À votre époque il existait beaucoup plus de surfaces que maintenant, pensez‐vous que l’uniformisation en vigueur est positive ?
« Je ne pense pas que ce thème doit être abordé uniquement sous l’angle des changements de surface. Il faut aussi tenir compte de l’évolution du matériel. Si on avait conservé les surfaces qui existaient il y a 40 ou 50 ans avec le matériel actuel, il y aurait beaucoup de problèmes. Le bois a été privilégié pour tous les tournois indoor jusqu’en 1975. Avec les raquettes et cordages modernes, le spectacle serait totalement indigeste. De toute façon, les instances ont toujours cherché des solutions pour conserver une qualité de tennis. La moquette a été utilisée, notamment à Coubertin, l’ancêtre de Bercy. Je me souviens aussi du Mateflex. Le Quick était très prisé dans les clubs, mais absolument pas pour les tournois de haut‐niveau. Et puis, la résine que l’on connaît s’est progressivement imposée comme la référence. On a ainsi pu créer des surfaces que l’on pouvait accélérer ou ralentir comme on le souhaitait. Dans le même temps et en l’espace d’un siècle, la taille des joueurs a augmenté de 15 ou 20 centimètres. Si on tient compte du fait que les joueurs sont plus grands, que les raquettes sont plus performantes et que les balles sont presque identiques, malgré de légères différences, je pense que le ralentissement des surfaces a été une bonne chose pour proposer un tennis de qualité sur le circuit professionnel. »
Oui, mais il est légitime de se poser la question de savoir si les instances ne sont pas allées trop loin ?
« Sans doute, car il y a de moins en moins de service‐volée et de volleyeurs. À ce sujet, il serait intéressant de regarder aussi du côté des cordages. Luxilon, et d’autres marques ont créé des cordages pour frapper plus fort avec une meilleure sécurité. Ainsi, les joueurs n’osent plus venir au filet de peur de se faire passer. »
Qu’est-ce qu’il faut donc faire pour favoriser à nouveau les volleyeurs ?
« Personnellement, je fais partie de ceux qui aimeraient une réflexion sur la hauteur du filet. Si on rehausse de cinq centimètres au milieu (de 0,91 à 0,96), ce serait plus compliqué pour le serveur, mais plus simple pour les volleyeurs car le passing deviendrait alors plus difficile. La réflexion mérite d’être posée. »
Justement cette uniformisation n’a‑t-elle pas créé au final le même style de jeu et donc des champions assez stéréotypés ?
« Très certainement, cela a eu une influence majeure. Wimbledon a changé son gazon afin de le rendre plus lent. Du côté de Roland Garros, on s’est posé la question de savoir s’il fallait accélérer ou non la terre battue.

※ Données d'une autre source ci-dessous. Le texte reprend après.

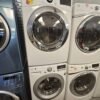 LG WM3170CW 4.3 cu. ft. Front Load Washer DLEX3700W 7.4 cu. ft. Dryer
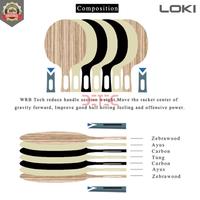 Gambar LOKI New Series 6 Pingpong bat - Tenis Meja Raket dari DETEC ID undefined 4 Tokopedia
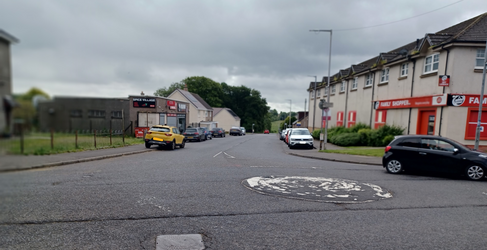 Glenmavis Road will be closed at its junction with Coatbridge Road Berryhill Airdrie Sewer Upgrade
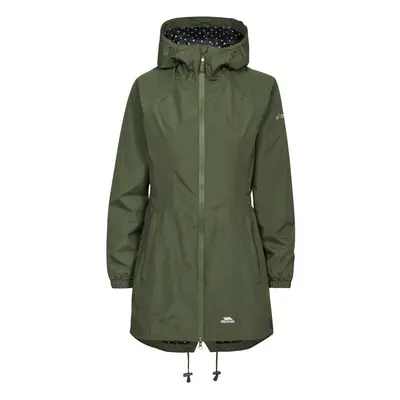 (6, Moss) Trespass Womens Waterproof Jacket Daytrip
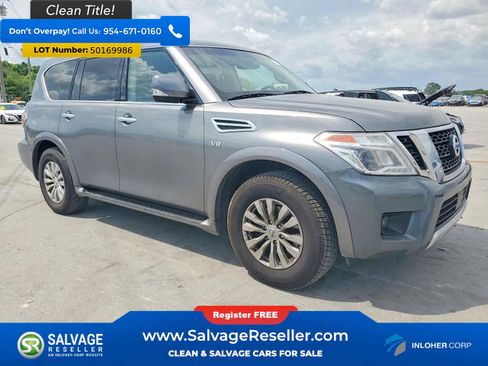 Used 2017 Nissan Armada SV w/ Driver Package AWD/4WD image 5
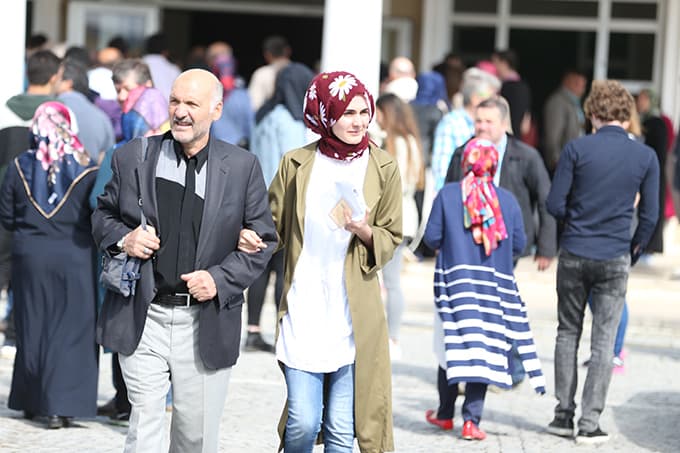 Şehirde LYS heyecanı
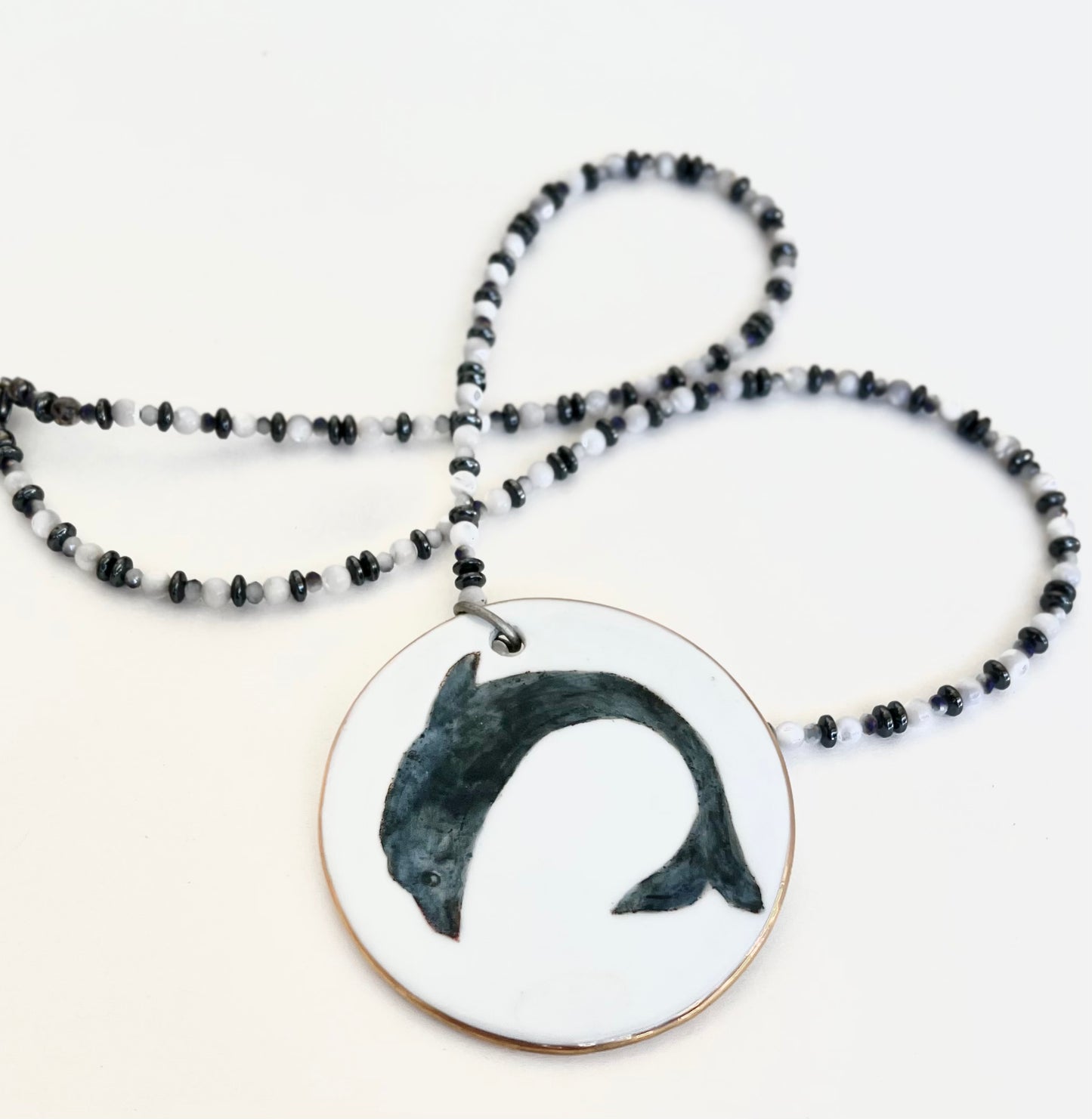 A gift, gift the dolphin lovers, Dolphin Necklace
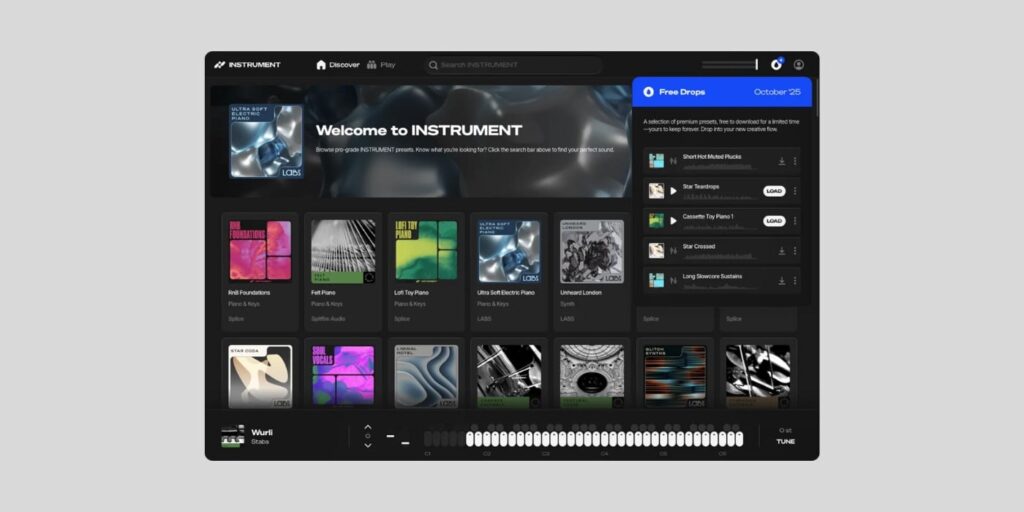 Splice Instrument: The new home of Spitfire Audio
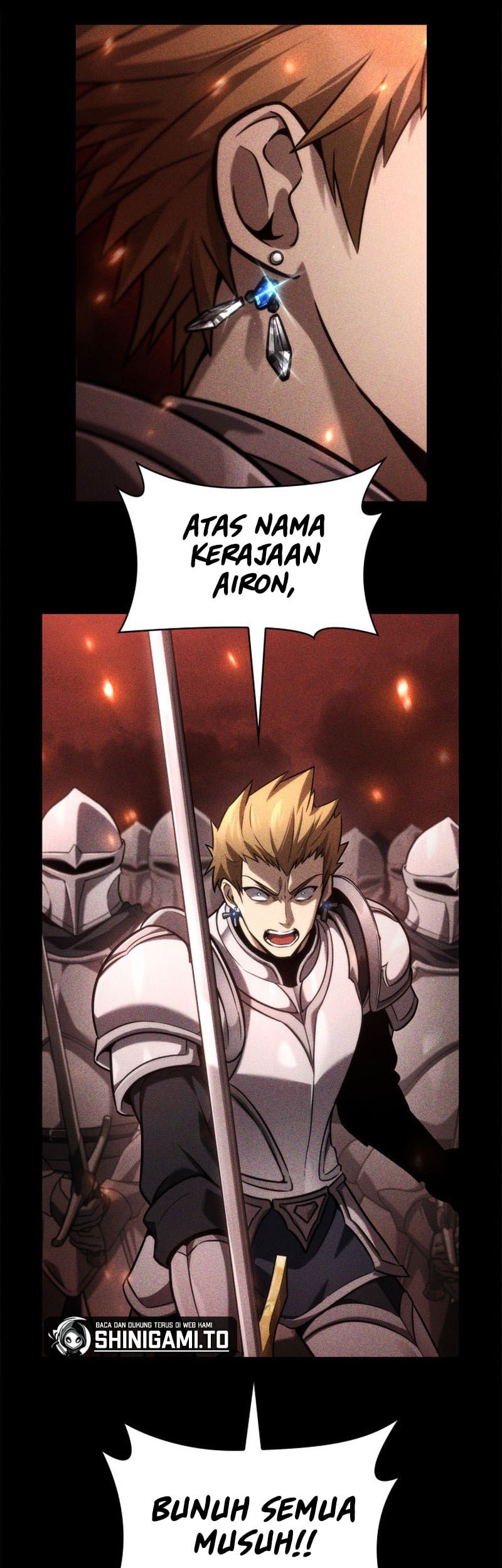 Infinite Mage Bab 129 halaman 67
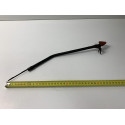 Oil dipstick is long (30 cm) Lombardini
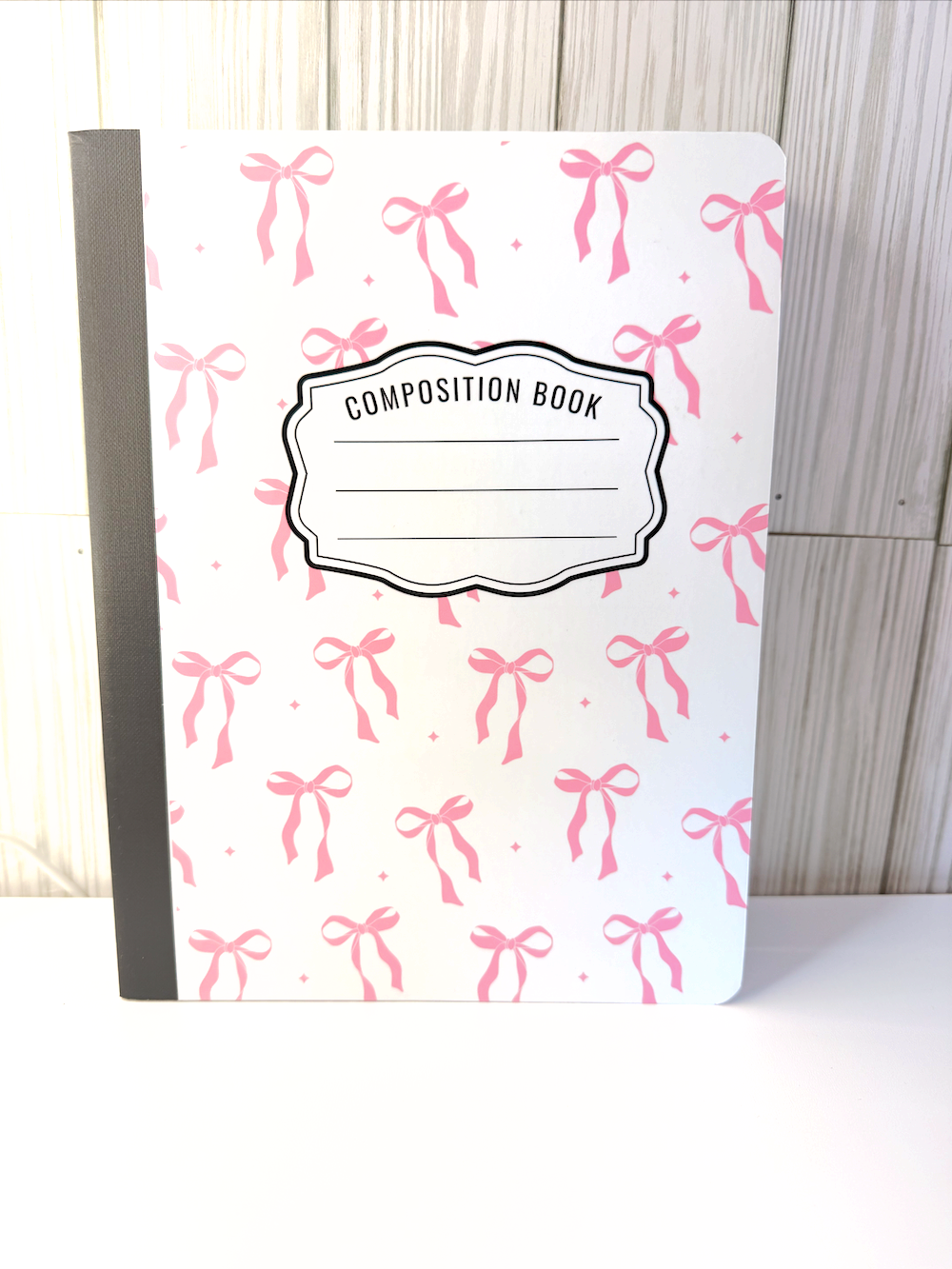 Pink Bows Composition Books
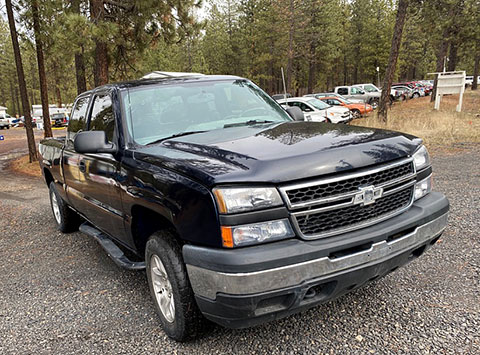 2006 CHVEROLET SILVERADO 1500 2006 CHVEROLET SILVERADO 1500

Roger Federer préfère une terre battue lourde et grasse que rapide, car il sera plus difficile à passer. Le bilan que je fais est qu’il existe une tendance à trop vouloir uniformiser les surfaces. Mais il faut aussi faire attention à la liberté que l’on donne aux organisateurs dans les choix de surfaces. Par exemple, en Coupe Davis, je trouve choquant que l’on puisse évoluer en indoor en juillet. »
Quelles adaptations auraient été nécessaires à votre époque ?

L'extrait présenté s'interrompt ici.